Terraform providers are maintained by three main groups:
HashiCorp Official Providers:
Maintained directly by HashiCorp
Examples: AWS, Azure, GCP, Kubernetes
Highest level of support and testing
Partner Providers:
Maintained by technology partners
Examples: Heroku, MongoDB Atlas, DataDog
Official support from respective companies
Community Providers:
Maintained by community members
Available through Terraform Registry
Support through community channels
Question 11: Exporting Data Between Modules
Data can be exported between modules using output values.
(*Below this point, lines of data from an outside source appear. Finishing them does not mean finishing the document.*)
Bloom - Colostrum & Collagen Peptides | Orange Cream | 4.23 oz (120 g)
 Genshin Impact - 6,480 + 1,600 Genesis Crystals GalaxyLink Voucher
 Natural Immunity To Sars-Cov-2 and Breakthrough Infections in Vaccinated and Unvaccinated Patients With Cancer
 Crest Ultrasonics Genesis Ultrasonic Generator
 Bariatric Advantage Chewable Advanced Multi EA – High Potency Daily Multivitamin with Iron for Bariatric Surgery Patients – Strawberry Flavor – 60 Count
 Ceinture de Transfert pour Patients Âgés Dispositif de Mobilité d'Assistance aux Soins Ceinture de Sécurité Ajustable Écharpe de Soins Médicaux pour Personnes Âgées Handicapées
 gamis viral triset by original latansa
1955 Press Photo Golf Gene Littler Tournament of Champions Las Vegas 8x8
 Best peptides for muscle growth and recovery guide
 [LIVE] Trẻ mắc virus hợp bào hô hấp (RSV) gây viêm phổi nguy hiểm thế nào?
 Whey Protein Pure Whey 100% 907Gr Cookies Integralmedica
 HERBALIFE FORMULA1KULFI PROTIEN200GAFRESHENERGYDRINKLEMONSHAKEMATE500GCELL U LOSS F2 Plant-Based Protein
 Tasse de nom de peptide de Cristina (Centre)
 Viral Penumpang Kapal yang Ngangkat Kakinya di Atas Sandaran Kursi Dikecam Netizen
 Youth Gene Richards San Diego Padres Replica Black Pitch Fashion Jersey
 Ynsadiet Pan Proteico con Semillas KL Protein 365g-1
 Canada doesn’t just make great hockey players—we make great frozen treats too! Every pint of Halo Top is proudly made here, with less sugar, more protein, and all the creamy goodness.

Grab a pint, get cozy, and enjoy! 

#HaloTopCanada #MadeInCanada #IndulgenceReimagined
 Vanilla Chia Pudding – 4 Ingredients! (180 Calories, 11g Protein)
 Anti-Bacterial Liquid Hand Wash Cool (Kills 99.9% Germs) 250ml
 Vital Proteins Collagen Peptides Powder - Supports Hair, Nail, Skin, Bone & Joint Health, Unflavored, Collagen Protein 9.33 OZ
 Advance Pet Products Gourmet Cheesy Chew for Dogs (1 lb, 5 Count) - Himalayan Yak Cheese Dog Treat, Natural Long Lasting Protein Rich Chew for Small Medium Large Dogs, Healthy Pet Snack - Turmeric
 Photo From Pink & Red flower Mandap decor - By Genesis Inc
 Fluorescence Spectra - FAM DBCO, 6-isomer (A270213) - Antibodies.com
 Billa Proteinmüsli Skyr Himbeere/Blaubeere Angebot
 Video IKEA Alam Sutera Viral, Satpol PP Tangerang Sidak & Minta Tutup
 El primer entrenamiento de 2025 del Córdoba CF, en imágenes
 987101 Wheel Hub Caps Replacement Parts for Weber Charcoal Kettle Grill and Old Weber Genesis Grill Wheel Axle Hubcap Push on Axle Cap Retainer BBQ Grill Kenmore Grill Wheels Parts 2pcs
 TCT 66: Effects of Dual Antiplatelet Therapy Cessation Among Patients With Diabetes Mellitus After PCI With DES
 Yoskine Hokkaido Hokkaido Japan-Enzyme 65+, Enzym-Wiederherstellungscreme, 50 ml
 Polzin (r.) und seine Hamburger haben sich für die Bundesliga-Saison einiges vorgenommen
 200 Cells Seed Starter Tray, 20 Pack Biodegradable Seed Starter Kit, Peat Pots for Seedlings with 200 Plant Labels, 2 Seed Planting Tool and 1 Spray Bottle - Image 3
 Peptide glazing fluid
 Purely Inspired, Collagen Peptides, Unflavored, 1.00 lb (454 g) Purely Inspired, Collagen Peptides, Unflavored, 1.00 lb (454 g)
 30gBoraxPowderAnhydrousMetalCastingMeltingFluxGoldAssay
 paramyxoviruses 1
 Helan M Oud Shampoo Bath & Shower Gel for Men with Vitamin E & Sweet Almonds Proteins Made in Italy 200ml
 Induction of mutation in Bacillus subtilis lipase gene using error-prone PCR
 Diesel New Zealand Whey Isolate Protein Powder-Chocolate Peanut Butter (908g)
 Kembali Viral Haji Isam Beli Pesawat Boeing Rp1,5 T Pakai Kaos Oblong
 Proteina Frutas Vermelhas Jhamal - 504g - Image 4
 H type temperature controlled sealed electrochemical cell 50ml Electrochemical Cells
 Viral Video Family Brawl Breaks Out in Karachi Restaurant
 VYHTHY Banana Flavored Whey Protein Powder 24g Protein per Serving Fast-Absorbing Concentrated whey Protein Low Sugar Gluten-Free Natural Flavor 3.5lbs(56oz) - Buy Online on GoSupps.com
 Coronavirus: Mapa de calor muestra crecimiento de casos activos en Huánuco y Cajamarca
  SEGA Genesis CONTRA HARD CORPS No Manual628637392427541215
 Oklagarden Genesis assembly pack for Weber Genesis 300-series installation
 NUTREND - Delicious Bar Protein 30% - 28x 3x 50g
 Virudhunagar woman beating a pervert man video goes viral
Here's a comprehensive example:
# modules/vpc/main.tf
resource "aws_vpc" "main" {
cidr_block = var.vpc_cidr
}
resource "aws_subnet" "private" {
vpc_id = aws_vpc.main.id
cidr_block = var.private_subnet_cidr
}
output "vpc_id" {
value = aws_vpc.main.id
}
output "private_subnet_id" {
value = aws_subnet.private.id
}
# modules/ec2/main.tf
variable "vpc_id" {
type = string
}
variable "subnet_id" {
type = string
}
resource "aws_instance" "app_server" {
ami = "ami-123456"
instance_type = "t2.micro"
subnet_id = var.subnet_id
tags = {
Name = "AppServer"
}
}
# root main.tf
module "vpc" {
source = "./modules/vpc"
vpc_cidr = "10.0.0.0/16"
private_subnet_cidr = "10.0.1.0/24"
}
module "ec2" {
source = "./modules/ec2"
vpc_id = module.vpc.vpc_id
subnet_id = module.vpc.private_subnet_id
}
Conclusion
These questions cover many important aspects of Terraform that you might encounter in an interview. Remember that Terraform is constantly evolving, so it's important to stay updated with the latest features and best practices. Practice these concepts hands-on to better understand how they work in real-world scenarios.